Nel tardo pomeriggio ci dirigiamo al porto per imbarcarci sul battello con direzione l’isolotto di Alcatraz. Il carcere, ormai chiuso da anni e ora dedicato alle visite turistiche, mostra subito la sua aria tetra e paurosa, avvicinandosi a noi avvolto da un manto di nebbia. Sbarcati prendiamo confidenza con le strutture e una volta dentro il corpo centrale ci viene spiegata non solo la suddivisione dei bracci detentivi, ma anche la loro storia, nonché gli innumerevoli personaggi ed episodi che hanno reso famoso il nome di Alcatraz. Dalla misteriosa detenzione di Al Capone ai frequenti tentativi di fuga, la prigione offre una serie molto ampia di letture interpretative, non da ultima quella prettamente sociologica.
Ed eccoci arrivati all’ultimo giorno del viaggio, concluso con una simpatica passeggiata in bicicletta per il molo e, saliti sul Golden Gate, l’attraversamento della baia fino alla parte settentrionale della stessa. Un’esperienza molto forte, anche perché solo a piedi o in bici si riesce a percepire lo spazio e le sfumature dell’ampio panorama. A ritorno, prendendo il ferry-boat, sbarchiamo sempre all’embarcadero, da dove proseguiamo per gli ultimi fugaci istanti nella città californiana.

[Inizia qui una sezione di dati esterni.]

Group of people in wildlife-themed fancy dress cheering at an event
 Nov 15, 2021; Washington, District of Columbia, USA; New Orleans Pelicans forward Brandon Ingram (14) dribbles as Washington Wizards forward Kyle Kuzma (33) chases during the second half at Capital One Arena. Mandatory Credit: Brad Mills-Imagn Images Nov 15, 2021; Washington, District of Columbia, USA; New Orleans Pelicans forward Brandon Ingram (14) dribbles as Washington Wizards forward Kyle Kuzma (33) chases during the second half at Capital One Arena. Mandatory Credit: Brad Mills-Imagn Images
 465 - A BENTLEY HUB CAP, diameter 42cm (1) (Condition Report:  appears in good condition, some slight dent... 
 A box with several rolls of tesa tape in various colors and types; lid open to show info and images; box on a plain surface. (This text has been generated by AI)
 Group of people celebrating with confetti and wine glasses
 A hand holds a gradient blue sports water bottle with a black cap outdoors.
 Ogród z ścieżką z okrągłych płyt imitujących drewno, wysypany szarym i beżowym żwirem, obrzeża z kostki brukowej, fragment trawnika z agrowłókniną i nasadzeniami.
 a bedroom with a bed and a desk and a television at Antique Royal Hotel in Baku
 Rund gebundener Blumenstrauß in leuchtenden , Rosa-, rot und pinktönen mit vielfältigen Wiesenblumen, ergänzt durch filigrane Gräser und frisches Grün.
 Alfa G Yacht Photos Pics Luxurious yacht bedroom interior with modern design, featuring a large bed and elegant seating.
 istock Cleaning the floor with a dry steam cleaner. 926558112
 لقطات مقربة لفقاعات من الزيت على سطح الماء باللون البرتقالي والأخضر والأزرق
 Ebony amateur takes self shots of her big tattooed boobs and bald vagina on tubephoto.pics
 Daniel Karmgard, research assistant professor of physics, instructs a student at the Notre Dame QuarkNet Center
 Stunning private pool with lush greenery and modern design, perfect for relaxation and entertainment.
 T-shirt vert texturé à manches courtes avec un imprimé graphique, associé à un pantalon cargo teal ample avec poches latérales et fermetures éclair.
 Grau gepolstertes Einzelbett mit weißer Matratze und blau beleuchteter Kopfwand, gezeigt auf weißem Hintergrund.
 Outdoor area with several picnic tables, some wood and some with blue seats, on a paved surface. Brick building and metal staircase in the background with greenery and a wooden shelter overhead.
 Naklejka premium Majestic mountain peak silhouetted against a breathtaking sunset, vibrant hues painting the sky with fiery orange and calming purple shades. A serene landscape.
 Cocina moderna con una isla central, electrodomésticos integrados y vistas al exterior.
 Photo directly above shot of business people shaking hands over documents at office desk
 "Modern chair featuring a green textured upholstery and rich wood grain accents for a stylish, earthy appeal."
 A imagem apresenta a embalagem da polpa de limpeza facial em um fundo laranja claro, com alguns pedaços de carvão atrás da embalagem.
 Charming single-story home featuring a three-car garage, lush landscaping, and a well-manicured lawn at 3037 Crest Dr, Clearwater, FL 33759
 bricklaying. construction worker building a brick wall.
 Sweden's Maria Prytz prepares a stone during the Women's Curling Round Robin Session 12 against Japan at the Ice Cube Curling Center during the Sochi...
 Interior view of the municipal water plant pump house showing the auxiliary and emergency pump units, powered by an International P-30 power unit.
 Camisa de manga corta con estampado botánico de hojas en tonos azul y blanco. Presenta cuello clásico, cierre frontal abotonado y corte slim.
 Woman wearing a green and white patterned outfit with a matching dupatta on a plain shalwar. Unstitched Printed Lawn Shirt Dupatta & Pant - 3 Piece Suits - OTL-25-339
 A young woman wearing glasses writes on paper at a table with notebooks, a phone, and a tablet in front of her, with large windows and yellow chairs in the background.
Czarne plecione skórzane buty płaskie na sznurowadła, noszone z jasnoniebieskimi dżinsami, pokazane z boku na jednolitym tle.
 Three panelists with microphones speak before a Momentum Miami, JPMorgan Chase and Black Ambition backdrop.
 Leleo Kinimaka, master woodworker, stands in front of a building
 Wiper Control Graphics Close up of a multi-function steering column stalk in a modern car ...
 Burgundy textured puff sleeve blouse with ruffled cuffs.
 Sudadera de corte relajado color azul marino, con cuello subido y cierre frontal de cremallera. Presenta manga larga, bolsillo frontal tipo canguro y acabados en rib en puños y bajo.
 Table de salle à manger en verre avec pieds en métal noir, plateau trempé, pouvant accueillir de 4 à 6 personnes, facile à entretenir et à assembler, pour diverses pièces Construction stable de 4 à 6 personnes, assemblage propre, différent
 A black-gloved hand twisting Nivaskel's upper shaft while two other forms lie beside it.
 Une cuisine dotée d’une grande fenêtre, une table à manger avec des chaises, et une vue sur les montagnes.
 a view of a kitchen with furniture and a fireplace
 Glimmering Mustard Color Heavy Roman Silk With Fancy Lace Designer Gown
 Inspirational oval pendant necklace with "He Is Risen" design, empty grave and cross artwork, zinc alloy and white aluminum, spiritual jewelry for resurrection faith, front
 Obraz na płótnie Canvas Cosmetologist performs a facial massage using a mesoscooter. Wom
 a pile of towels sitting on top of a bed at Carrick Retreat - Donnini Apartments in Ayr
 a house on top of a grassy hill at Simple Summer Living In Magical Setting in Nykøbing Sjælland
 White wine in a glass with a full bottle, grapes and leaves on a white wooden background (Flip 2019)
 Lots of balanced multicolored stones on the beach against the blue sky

In conclusione le considerazioni sono d’obbligo, con un bagaglio di esperienze sicuramente ricco, vario e degno di essere raccontato. Di sicuro un viaggio non indicato per tutti, viste le frequenti lunghe tappe e ricorrenti alzatacce, ma al contempo ottimo per chi ama l’avventura, il desiderio continuo di scoprire e di non accontentarsi di quel che ci può proporre una semplice agenzia di viaggi. Il ricordo dei muli al Bryce Canyon, la casa trasportata sull’autostrada, la neve sui volti di Washington e Jefferson valgono ciascuno da soli un viaggio, figuriamoci tutte queste cose e altre ancora insieme.